Dealing with my dentist
My dentist has not kept up with the times. He has no website. No email. No WhatsApp. The practice can only be reached by telephone in the morning between half past seven and half past eight. Not on Friday, because then the office is closed and unreachable.
Time has also stood still in the waiting room. There are tiles on the floor, the ceiling is covered with wooden slats, and there are two wooden benches as if my dentist wants to make his patients here so painfully uncomfortable and awkward that a treatment afterward can only be better than expected.

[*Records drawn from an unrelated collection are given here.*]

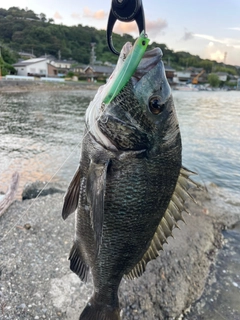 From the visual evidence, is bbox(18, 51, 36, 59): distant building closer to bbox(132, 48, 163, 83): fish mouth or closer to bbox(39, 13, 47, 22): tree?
bbox(39, 13, 47, 22): tree

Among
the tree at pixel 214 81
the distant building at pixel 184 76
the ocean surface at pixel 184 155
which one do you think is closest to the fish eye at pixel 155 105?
the ocean surface at pixel 184 155

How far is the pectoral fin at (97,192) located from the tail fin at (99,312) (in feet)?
3.05

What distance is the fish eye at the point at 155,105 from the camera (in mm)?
1755

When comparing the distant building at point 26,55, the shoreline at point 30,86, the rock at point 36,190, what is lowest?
the shoreline at point 30,86

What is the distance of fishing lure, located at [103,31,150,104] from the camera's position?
58.9 inches

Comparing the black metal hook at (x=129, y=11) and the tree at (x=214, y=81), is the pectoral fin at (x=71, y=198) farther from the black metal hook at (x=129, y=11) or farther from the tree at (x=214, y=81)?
the tree at (x=214, y=81)

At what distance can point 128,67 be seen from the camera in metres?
1.55

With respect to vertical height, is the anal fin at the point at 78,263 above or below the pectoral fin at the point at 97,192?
below

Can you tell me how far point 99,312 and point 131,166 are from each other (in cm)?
139

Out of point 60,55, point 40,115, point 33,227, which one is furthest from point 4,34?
point 33,227

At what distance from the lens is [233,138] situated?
17.9 meters

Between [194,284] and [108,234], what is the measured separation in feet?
9.48

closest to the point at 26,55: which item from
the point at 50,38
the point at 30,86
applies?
the point at 50,38

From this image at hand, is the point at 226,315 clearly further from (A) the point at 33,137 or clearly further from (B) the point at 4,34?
(B) the point at 4,34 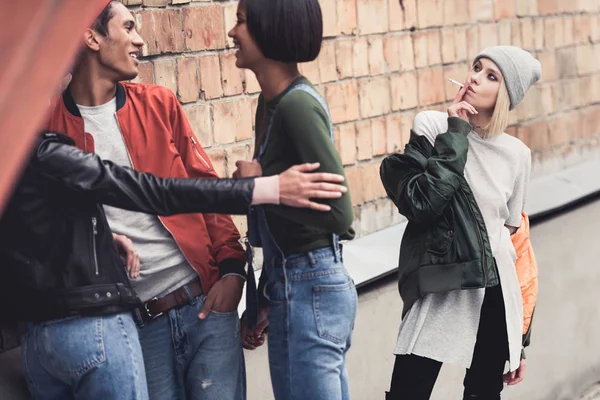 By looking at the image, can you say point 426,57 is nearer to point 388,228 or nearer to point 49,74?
point 388,228

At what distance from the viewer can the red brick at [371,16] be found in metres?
3.92

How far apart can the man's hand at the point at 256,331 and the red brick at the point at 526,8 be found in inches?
133

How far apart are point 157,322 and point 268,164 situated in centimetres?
45

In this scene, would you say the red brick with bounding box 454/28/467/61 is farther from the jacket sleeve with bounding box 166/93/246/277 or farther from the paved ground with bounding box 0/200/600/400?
the jacket sleeve with bounding box 166/93/246/277

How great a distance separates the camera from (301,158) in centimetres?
176

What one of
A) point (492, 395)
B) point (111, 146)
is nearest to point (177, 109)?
point (111, 146)

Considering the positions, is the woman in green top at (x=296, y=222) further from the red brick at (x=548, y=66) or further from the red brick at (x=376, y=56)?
the red brick at (x=548, y=66)

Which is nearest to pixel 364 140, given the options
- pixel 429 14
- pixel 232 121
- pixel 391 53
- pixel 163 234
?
pixel 391 53

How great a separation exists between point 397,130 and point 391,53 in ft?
1.23

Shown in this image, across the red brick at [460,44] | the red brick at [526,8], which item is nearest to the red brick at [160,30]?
the red brick at [460,44]

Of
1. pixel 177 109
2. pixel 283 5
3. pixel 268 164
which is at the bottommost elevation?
pixel 268 164

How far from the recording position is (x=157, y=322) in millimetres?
1948

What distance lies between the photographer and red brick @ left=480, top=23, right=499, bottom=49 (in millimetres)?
4699

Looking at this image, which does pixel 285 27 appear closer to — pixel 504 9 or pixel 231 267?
pixel 231 267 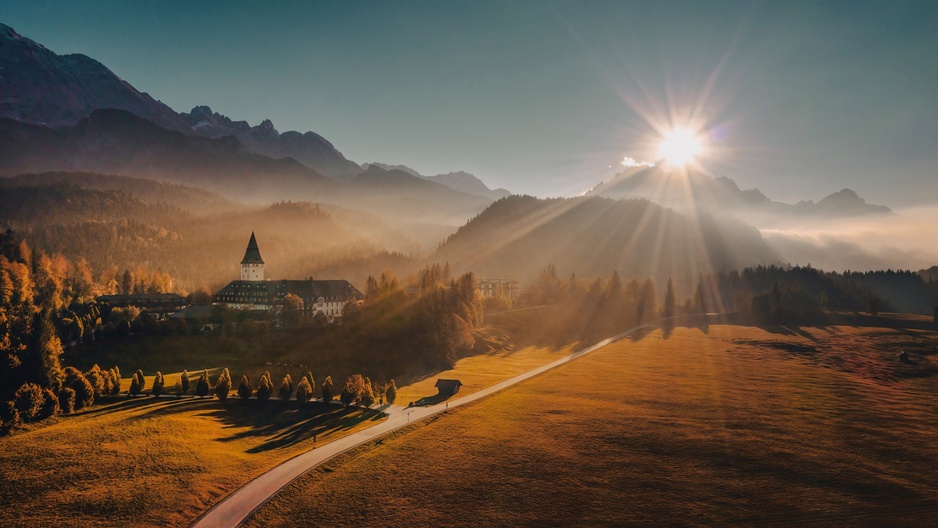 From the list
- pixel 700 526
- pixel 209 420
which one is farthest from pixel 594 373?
pixel 209 420

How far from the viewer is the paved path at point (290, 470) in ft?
141

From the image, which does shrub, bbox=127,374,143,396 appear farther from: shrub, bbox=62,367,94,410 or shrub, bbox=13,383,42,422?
shrub, bbox=13,383,42,422

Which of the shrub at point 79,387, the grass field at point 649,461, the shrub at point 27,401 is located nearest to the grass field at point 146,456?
the shrub at point 27,401

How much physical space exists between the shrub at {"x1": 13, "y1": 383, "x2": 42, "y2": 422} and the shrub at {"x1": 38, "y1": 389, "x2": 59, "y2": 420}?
1.28m

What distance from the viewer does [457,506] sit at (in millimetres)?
45906

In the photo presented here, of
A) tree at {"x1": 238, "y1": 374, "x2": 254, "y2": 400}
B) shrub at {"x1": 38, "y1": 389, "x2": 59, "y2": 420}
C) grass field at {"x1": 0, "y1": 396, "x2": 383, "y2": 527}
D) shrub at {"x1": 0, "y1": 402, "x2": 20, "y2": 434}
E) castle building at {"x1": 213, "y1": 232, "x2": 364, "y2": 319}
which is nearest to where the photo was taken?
grass field at {"x1": 0, "y1": 396, "x2": 383, "y2": 527}

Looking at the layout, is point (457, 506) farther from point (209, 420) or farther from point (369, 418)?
point (209, 420)

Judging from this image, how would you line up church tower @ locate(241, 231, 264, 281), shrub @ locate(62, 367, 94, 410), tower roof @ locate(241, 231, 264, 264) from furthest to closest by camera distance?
tower roof @ locate(241, 231, 264, 264) < church tower @ locate(241, 231, 264, 281) < shrub @ locate(62, 367, 94, 410)

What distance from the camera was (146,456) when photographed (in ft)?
174

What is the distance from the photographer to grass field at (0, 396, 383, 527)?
139 ft

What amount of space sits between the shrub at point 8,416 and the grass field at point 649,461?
3961cm

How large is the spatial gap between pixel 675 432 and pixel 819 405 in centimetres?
Result: 3408

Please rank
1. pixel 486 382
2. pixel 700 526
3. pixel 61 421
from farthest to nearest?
pixel 486 382, pixel 61 421, pixel 700 526

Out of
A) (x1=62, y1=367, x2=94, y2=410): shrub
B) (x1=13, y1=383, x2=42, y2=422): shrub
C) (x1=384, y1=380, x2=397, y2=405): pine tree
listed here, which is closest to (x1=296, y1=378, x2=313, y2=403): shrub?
(x1=384, y1=380, x2=397, y2=405): pine tree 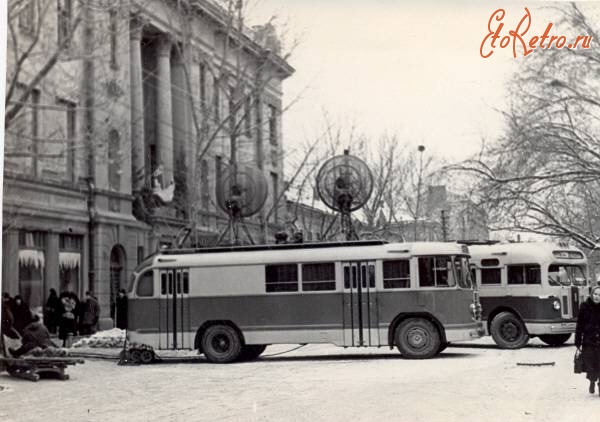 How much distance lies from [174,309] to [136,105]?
142 inches

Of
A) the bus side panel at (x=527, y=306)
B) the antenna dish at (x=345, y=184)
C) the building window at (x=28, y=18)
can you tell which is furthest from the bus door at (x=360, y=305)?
the building window at (x=28, y=18)

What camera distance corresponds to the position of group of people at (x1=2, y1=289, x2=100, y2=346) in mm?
9797

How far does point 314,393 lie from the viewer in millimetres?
10422

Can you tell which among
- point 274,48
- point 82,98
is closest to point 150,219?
point 82,98

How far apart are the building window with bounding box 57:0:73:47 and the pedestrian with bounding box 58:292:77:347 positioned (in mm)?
3099

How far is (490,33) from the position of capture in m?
10.7

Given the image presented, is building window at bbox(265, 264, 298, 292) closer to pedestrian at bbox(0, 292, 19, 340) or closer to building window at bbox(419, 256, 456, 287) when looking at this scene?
building window at bbox(419, 256, 456, 287)

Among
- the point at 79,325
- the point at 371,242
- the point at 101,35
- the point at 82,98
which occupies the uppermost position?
the point at 101,35

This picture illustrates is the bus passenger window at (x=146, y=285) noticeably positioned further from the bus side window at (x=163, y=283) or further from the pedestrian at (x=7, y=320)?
the pedestrian at (x=7, y=320)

It is chilly and quiet. The only sound is the bubbling of the aquarium. The tropical fish seem to have adapted to the colorlessness of the interior, and the drabness of the dentist, a man in his sixties with pale skin, gray-blue eyes, thin gray hair, silver-rimmed glasses, and a white coat. Since the start of the pandemic, he has been shielding his face with an enormous transparent screen as if he is going to defuse an explosive at any moment or must weld two steel pipes together.
Communication is not really his thing. Visiting appointments are announced unilaterally. By mail. “You are expected on date X at time Y.” After years of experience had taught me that I could never make it on the date and time chosen by my dentist, requiring me to call and reschedule that “appointment,” I proposed scrapping the decree issued by letter altogether. Instead of spending the money on paper and stamp to mail it, save a few cents and instead have me call every six months to make an appointment that fits both the dentist’s calendar and, conveniently, mine. This suggestion is made much to the dismay of the dental assistant, a small, stocky woman in her sixties with gray hair pinned up and glasses. At home, I call her “the teaspoon lady.” She has never asked who I think of myself as. If she had, I would have quickly offered my answer: the customer. After a resentful “that’s just our system” and “you are the only one who wants this,” I managed to get them to stop the letters upon some insistence. By the grace of the dentist, I can now call every six months to make an appointment. I would rather do this online, easier for both the dentist and me. However, I have not yet dared to introduce this revolutionary step in customer contact to him, let alone his assistant, for fear of a root canal treatment without anesthesia.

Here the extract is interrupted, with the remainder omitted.